You are asked to repeat the listing word for word and to leave out its pictures.

------ Data provided

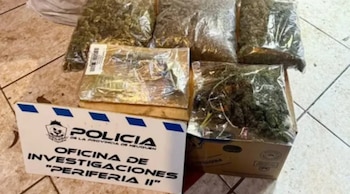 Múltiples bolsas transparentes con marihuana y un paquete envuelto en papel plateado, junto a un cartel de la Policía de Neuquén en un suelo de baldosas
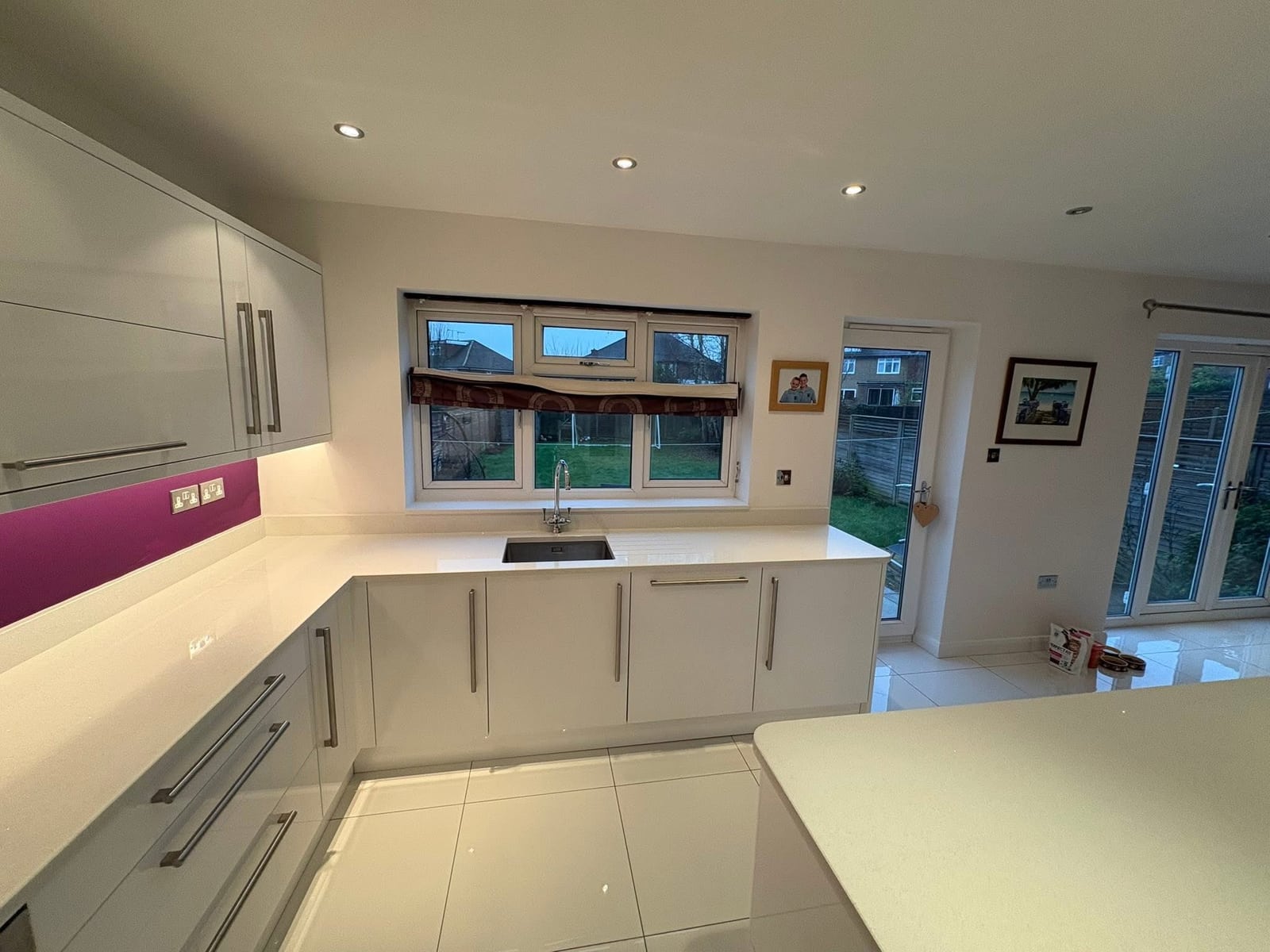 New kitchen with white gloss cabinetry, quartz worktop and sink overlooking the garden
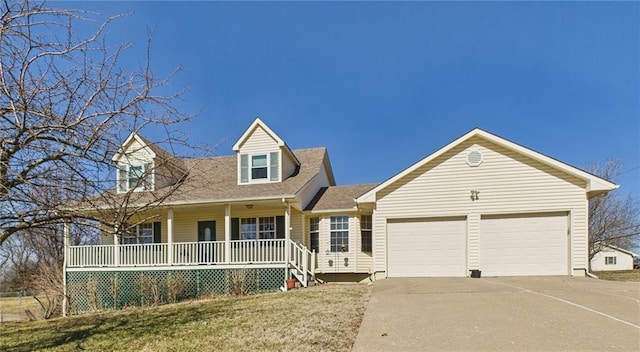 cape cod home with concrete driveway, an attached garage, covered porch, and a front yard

------------

* **Task answer**
 Múltiples bolsas transparentes con marihuana y un paquete envuelto en papel plateado, junto a un cartel de la Policía de Neuquén en un suelo de baldosas
 New kitchen with white gloss cabinetry, quartz worktop and sink overlooking the garden
 cape cod home with concrete driveway, an attached garage, covered porch, and a front yard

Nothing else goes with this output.